Work request >>
In the records that follow, count each line where the string "videos" occurs. Provide the total and no other text.

━━━━━━━━━━━━━━━━

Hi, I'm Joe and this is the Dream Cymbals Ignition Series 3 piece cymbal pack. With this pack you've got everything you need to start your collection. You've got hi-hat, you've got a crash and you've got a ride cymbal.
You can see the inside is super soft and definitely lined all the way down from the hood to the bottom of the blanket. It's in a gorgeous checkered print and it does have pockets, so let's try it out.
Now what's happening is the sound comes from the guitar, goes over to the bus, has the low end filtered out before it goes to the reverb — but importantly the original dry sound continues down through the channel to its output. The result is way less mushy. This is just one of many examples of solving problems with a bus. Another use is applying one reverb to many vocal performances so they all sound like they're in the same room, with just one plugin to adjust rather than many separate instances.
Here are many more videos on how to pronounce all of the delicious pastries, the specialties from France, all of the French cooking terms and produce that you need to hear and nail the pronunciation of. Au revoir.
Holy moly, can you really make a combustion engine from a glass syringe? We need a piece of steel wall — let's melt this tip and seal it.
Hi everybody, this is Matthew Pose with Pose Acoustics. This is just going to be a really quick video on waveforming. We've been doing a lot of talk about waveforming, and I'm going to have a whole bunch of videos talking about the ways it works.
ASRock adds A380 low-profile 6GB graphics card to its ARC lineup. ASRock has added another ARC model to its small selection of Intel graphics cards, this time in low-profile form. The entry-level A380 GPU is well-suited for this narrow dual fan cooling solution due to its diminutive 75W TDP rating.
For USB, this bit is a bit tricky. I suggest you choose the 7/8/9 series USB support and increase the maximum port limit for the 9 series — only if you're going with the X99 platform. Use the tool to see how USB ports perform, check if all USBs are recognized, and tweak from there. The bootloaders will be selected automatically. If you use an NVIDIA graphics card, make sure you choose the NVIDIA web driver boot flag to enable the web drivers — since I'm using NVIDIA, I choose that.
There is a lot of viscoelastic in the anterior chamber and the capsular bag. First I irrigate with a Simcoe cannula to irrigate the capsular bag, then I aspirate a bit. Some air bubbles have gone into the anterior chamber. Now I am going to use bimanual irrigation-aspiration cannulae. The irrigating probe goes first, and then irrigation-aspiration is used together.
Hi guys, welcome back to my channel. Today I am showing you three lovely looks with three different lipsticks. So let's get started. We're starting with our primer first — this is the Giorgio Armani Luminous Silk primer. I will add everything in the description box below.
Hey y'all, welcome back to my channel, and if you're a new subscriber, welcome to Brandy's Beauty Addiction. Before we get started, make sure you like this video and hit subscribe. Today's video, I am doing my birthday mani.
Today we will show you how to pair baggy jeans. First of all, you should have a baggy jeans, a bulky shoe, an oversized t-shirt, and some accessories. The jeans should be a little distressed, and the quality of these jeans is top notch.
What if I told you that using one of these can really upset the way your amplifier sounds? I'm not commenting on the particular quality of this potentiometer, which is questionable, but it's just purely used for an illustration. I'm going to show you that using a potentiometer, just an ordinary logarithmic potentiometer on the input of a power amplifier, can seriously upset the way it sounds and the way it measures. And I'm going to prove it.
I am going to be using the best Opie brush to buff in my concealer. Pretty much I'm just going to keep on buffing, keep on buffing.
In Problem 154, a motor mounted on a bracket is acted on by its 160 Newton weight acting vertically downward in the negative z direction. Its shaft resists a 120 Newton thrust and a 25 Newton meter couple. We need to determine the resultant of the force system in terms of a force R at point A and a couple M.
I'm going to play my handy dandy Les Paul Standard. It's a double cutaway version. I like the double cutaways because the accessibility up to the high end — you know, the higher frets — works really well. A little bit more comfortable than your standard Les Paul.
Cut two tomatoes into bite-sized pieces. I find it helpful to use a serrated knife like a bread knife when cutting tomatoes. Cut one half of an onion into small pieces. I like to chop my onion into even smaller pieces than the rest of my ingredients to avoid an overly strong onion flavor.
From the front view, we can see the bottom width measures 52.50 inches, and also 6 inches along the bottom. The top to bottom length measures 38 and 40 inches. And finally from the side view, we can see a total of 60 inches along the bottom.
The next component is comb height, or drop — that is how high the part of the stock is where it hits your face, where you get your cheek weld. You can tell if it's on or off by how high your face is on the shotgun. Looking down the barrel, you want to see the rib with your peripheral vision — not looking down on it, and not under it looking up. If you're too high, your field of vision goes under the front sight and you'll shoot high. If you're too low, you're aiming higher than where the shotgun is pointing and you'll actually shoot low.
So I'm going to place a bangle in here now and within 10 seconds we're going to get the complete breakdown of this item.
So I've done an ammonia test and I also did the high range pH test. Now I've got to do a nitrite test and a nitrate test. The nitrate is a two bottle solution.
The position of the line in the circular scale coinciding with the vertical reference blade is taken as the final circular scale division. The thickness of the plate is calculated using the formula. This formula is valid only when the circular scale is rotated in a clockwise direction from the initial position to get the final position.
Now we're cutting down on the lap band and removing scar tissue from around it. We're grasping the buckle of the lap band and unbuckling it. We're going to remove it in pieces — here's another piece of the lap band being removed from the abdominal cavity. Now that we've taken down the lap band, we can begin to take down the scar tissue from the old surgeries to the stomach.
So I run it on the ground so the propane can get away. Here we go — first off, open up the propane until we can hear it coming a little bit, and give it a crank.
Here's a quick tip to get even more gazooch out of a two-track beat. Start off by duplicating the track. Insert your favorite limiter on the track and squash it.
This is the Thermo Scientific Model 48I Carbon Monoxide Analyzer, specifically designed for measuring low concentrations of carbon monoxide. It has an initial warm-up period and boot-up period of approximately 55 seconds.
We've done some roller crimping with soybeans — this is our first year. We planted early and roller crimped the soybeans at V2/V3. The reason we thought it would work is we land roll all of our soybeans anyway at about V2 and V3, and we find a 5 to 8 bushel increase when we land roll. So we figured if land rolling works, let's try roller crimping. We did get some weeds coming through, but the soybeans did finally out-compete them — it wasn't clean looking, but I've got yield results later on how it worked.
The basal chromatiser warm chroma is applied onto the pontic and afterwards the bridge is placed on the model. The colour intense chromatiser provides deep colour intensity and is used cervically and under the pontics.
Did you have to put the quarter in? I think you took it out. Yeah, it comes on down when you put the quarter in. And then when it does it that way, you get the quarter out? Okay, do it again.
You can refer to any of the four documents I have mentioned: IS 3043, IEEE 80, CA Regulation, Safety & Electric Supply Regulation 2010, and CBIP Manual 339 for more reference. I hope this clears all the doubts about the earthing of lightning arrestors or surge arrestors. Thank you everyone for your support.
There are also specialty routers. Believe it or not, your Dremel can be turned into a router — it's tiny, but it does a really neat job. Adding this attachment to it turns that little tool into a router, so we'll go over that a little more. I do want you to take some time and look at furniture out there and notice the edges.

━━━━━━━━━━━━━━━━

Reply >>
2